Having no clue you take the paper from his hand and you get pale as soon as the name in the pictures triggers a memory in your brain. It was the same professor that called yesterday and now he is dead; it looks as suicided, but you know that is not true; something is going on.
That my friends was Majestic, a long forgotten game that had a short life. Majestic was part of a group of games called ARGs and in my opinion (just like Asherons Call 2) was ahead of its time. It was just a game, but the constant “unexpected” created a lot of tension for me. I knew it was not real but I could not stop the feeling that maybe… maybe some of it was true.
Artenate Reality Games use the real world as a platform and incorporates media elements (internet, emails, tv, ads, etc) to move the story forward in real time. The game consisted of a copy of AIM, a web browser and a small computer application. The base element was solving puzzles and clues via Video Chats, emails, faxes, webpages and phone calls. Some famous ARGs were spawned by the movie A.I. and the TV series Lost, among others.
The trailer was kinda cheesy, and tried to emulate an X-files vibe:
This kind of innovation is lacking in games (specially in the MMO genre), and is something that developers should keep searching.

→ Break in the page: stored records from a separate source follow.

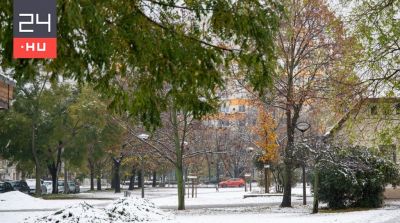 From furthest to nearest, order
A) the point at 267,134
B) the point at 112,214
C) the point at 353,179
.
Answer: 1. the point at 267,134
2. the point at 353,179
3. the point at 112,214

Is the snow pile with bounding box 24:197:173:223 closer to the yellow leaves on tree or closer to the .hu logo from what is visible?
the .hu logo

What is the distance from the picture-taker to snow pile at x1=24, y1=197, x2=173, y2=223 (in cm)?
1438

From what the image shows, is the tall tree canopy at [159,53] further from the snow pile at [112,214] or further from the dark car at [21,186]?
the dark car at [21,186]

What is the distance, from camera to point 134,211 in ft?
54.2

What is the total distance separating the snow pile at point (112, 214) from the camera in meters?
14.4

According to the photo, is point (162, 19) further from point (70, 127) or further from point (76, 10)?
point (70, 127)

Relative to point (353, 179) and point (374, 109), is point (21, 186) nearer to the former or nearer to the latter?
point (353, 179)

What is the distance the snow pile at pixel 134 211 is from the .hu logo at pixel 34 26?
929 centimetres

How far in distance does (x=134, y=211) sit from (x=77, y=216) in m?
2.40

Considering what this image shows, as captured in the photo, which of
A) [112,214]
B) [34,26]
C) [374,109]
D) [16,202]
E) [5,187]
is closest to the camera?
[34,26]

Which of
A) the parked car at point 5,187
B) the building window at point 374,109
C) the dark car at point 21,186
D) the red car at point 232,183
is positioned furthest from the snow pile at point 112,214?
the red car at point 232,183

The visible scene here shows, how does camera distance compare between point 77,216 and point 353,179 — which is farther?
point 353,179

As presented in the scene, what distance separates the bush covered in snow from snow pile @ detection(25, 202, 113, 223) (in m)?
11.0

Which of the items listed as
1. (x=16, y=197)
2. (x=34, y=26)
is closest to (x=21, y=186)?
(x=16, y=197) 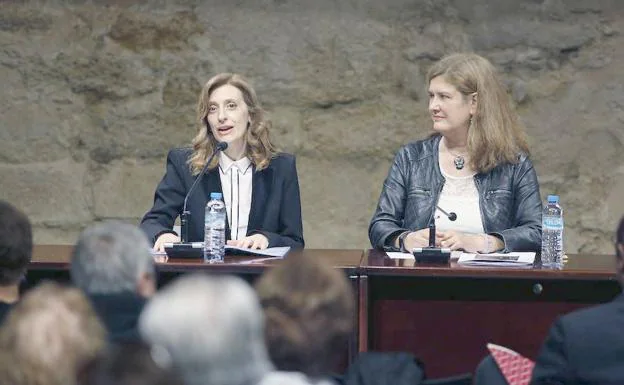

Something that World of Warcraft did right was to implement all those things that made different games unique and combine it together. There shouldn’t be a feud about “who stole what” because in the end a new generation of “mmoers” benefited from it. Taking a break, and looking back at lost, forgotten games is not a bad idea; maybe that is exactly what developers need to do in order to refresh, polish and somehow come with better ideas in this tough business that is the MMO genre.